Music therapy has become more and more popular, as with many other alternative forms of healing modalities. Music therapy might be defined as a clinical use of music to accomplish personal goals within a therapeutic environment. It includes playing music or creating music in order to help manage physical, emotional, or cognitive challenges. This article will explore music therapy within the context of addiction treatment.
Typically, a music therapist is trained to use music with their clients in order to bring about change. Often, music therapy involves listening to music, but in many cases, it can involve the client in creating his or her own music. In fact, artistic expression can be incredibly rewarding. You can get deeply in touch with yourself and enjoy the pleasure of self-expression. When you are creative, you have the opportunity to get in touch with what’s inside of you. You can access what you want to express, including what you need to express but haven’t had the courage to do so.
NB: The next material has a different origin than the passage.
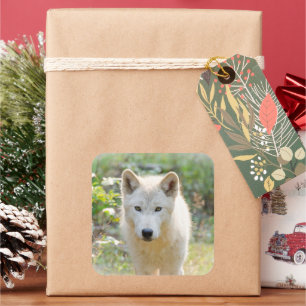 Grey Wolf in Meadow Square Sticker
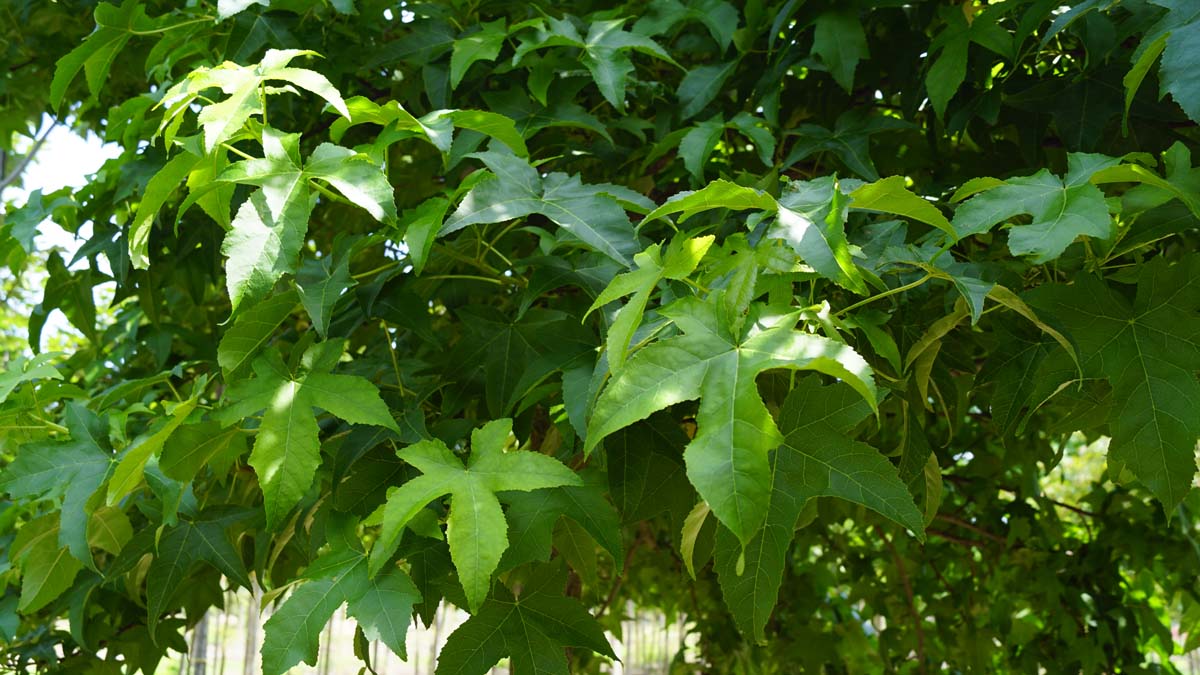 Amerikanischer Amberbaum ´Lane Roberts´; Seesternbaum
For many people, the most challenging part of including creativity and other fulfilling activities in their day is just simply getting started, which is why a music therapist might be useful for someone who enjoys music.
The benefits of music therapy include:
- Reduces levels of stress.
- Encourages the relaxation response.
- Lowers blood pressure.
- Lessens symptoms of depression.
- Elicits positive emotions.
- Can become a coping tool for challenging moments.
- Elicits creativity and inspiration in someone.
- Fosters optimism.
- Boosts the immune system.
- Promotes overall healing.
- Improves levels of concentration.
- Can reduce muscle tension.
- Can be used to help manage chronic pain – instead of drugs and alcohol.
- Can be used as an antidote to boredom. (Boredom can often prompt people to drink or use drugs.)
- Can facilitate an emotional release.
- Can be used as a tool in recovery.
- Can be used to elicit positive memories.
It should be made clear that music therapy alone might not be enough to facilitate sobriety. It’s important to have the right levels of support for such a change. Typically, in order to get sober and put an end to addiction, a therapist, doctor, and psychologist are needed to address the physical, emotional, and psychological experiences of early recovery. Despite this, music therapy can be used as a great supplemental therapeutic tool, providing the many benefits listed above. However, to get the most out of a music therapy session, it’s best to work with a qualified professional who has been trained in the use of music for healing.
If you or someone you know is struggling with an addiction, contact a mental health provider for assistance. Once that person is in addiction treatment, music therapy might be included to further facilitate sobriety and healing. In fact, it’s not necessary to have any type of music ability to benefit from this form of treatment. If you have an affinity toward music, this form of therapy might be the perfect addition to addiction treatment.